_Input for this task_

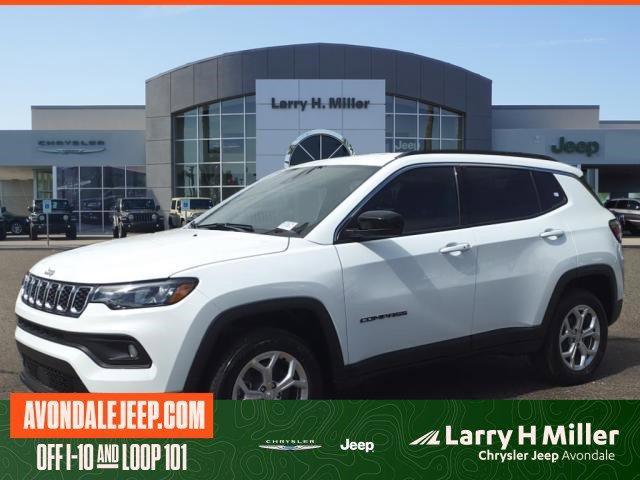 new 2024 Jeep Compass car, priced at $29,938
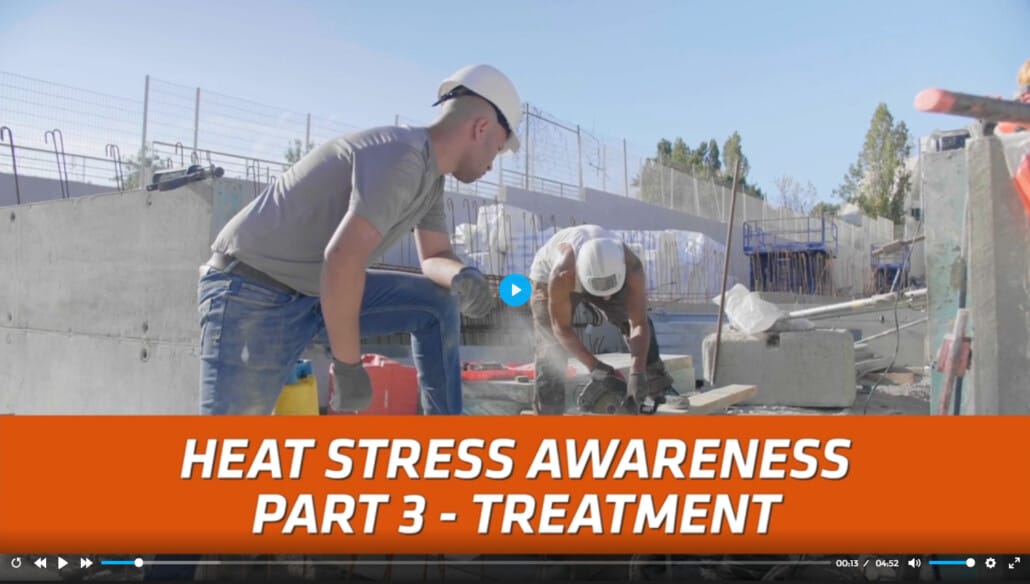 OSHA: Heat Stress Awareness 3 – Treatment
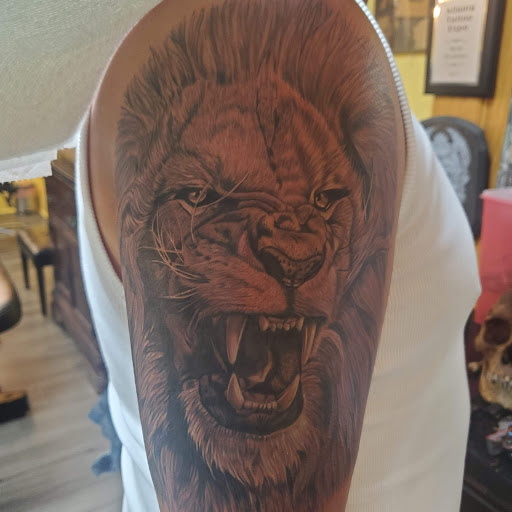 Explore drag race tattoo ideas, creative tattoo ideas in Oakwood, available at Underground Ink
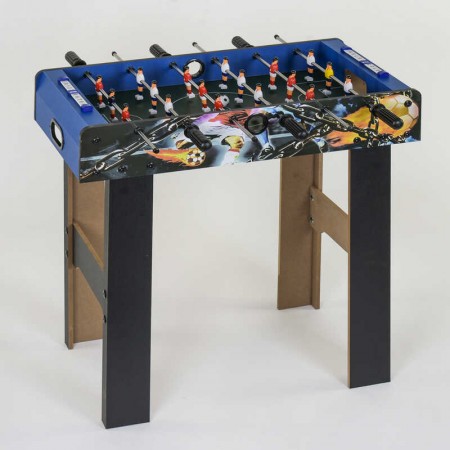 Настольный футбол BabyToys XJ 803-2 деревянный на штангах Настольный футбол BabyToys XJ 803-2 деревянный на штангах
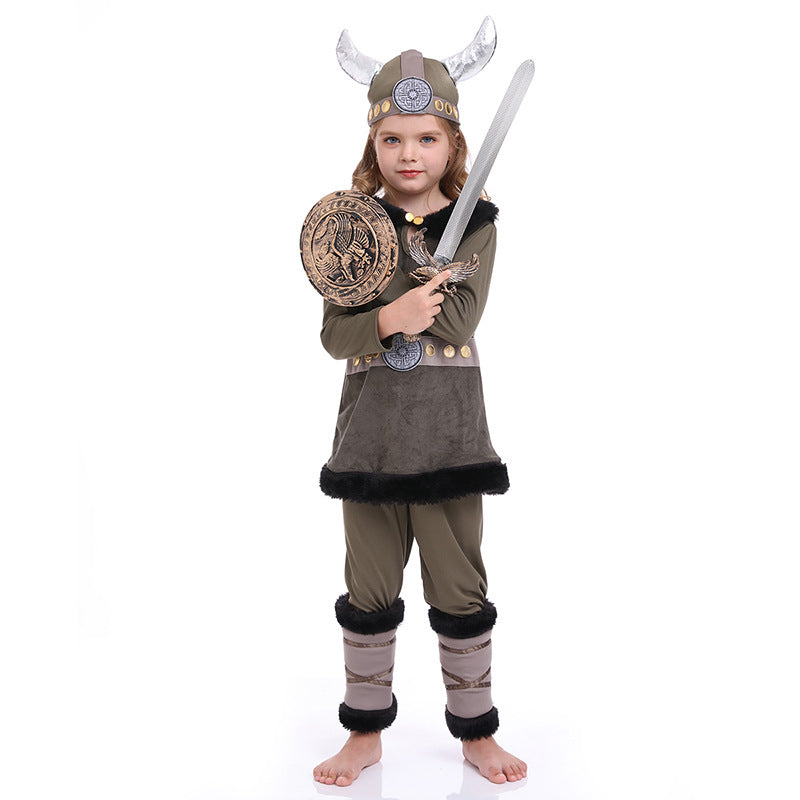 Pirate Bull Devil Warrior Costume Vikings | Magic Stories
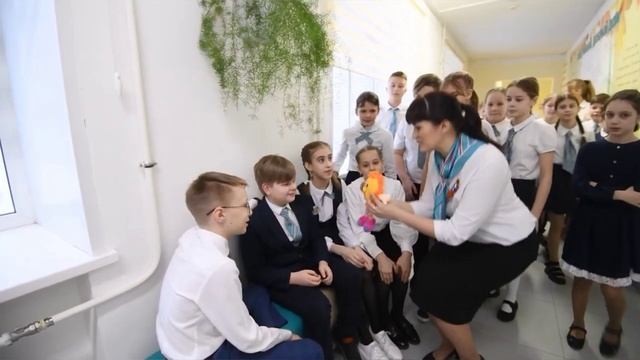 Видеовизитка на Всероссийский форум классных руководителей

_Try it_
Begin the copy at the line containing "на штангах Настольный" and end it at the final line of the material above, reproducing each line exactly and omitting pictures.

_Your solution_
 Настольный футбол BabyToys XJ 803-2 деревянный на штангах Настольный футбол BabyToys XJ 803-2 деревянный на штангах
 Pirate Bull Devil Warrior Costume Vikings | Magic Stories
 Видеовизитка на Всероссийский форум классных руководителей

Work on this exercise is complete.